**DESCRIPTION OF THE TASK**
Down to the last line, reproduce the data that follows, but skip the pictures.

**INFORMATION SHOWN**
--------
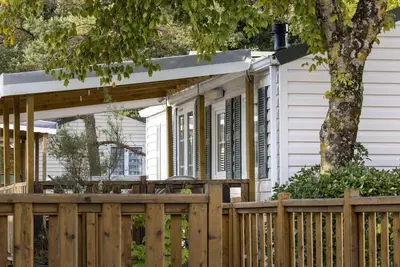 Image de ZEcamping 4 étoiles 1km plage piscine chauffée locatif Tv Bbq 30m2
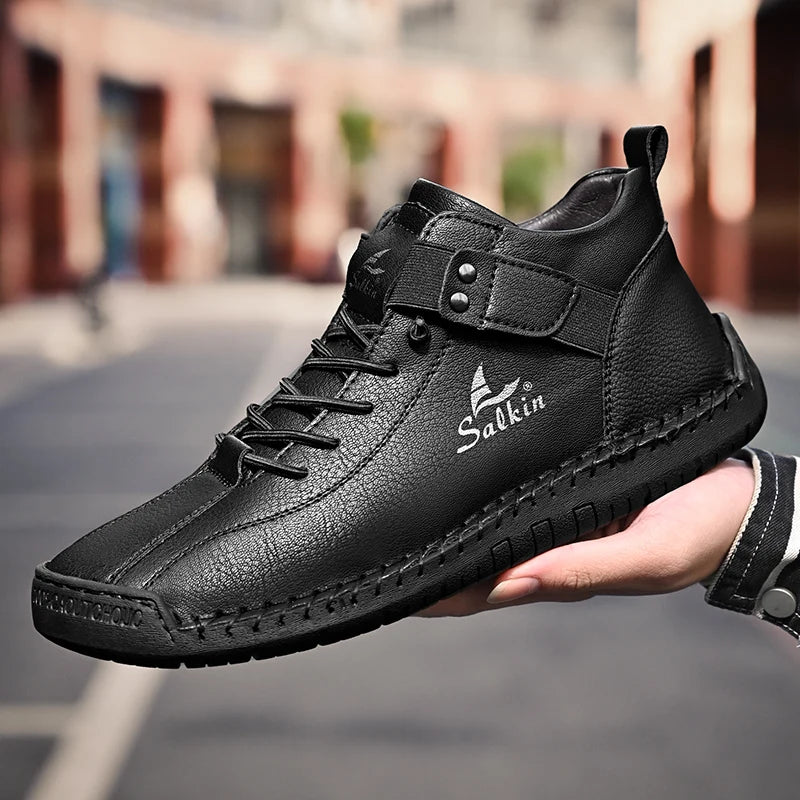 Nuevo 2025 zapatos informales de cuero hechos a mano para hombre, zapatillas de deporte de diseño, zapatos de cuero transpirables para hombre, botines para hombre al aire libre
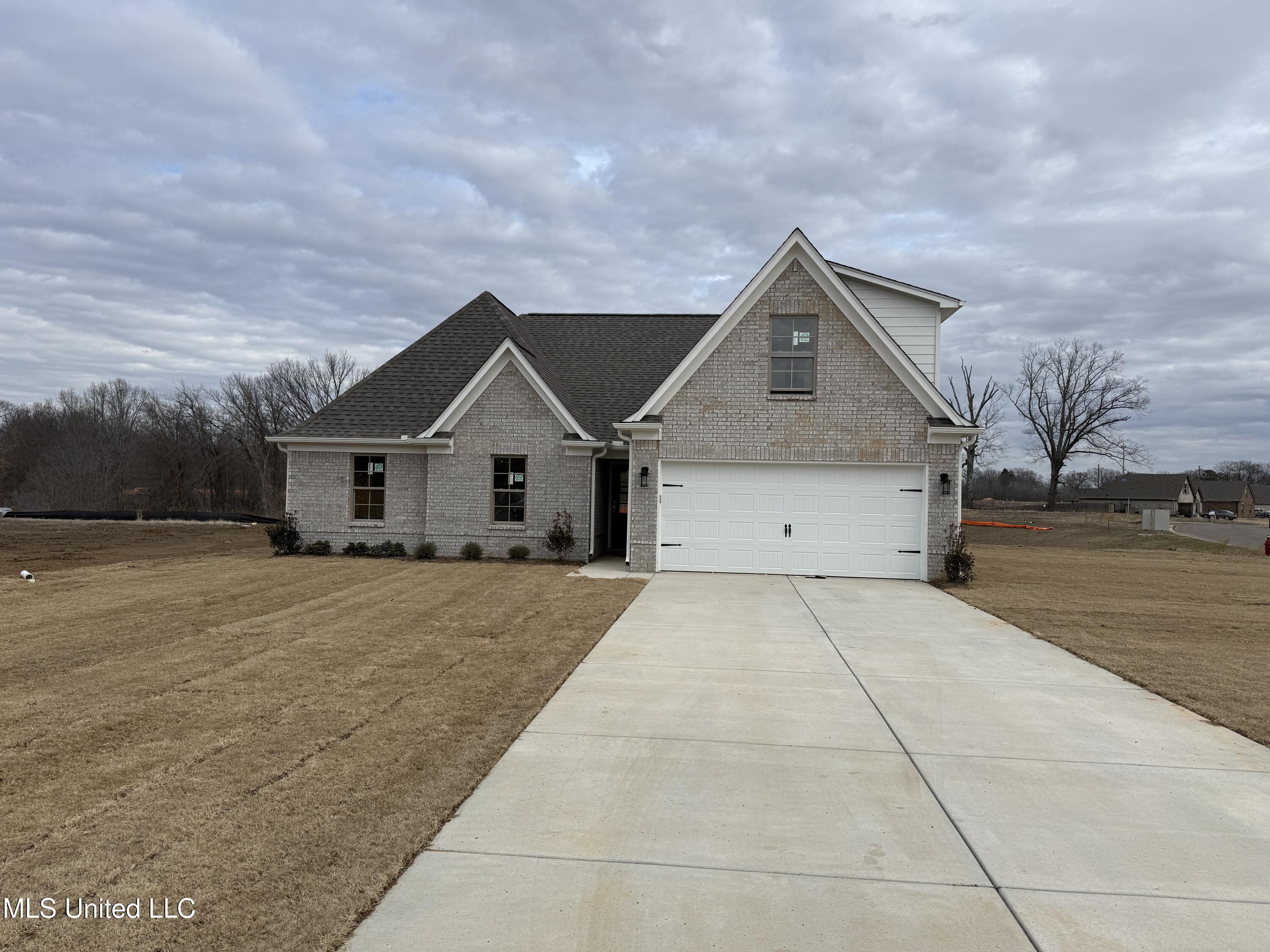 6588 Boxley Pointe Property Photo 1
--------
**RESULT OF THIS TASK**
 Image de ZEcamping 4 étoiles 1km plage piscine chauffée locatif Tv Bbq 30m2
 Nuevo 2025 zapatos informales de cuero hechos a mano para hombre, zapatillas de deporte de diseño, zapatos de cuero transpirables para hombre, botines para hombre al aire libre
 6588 Boxley Pointe Property Photo 1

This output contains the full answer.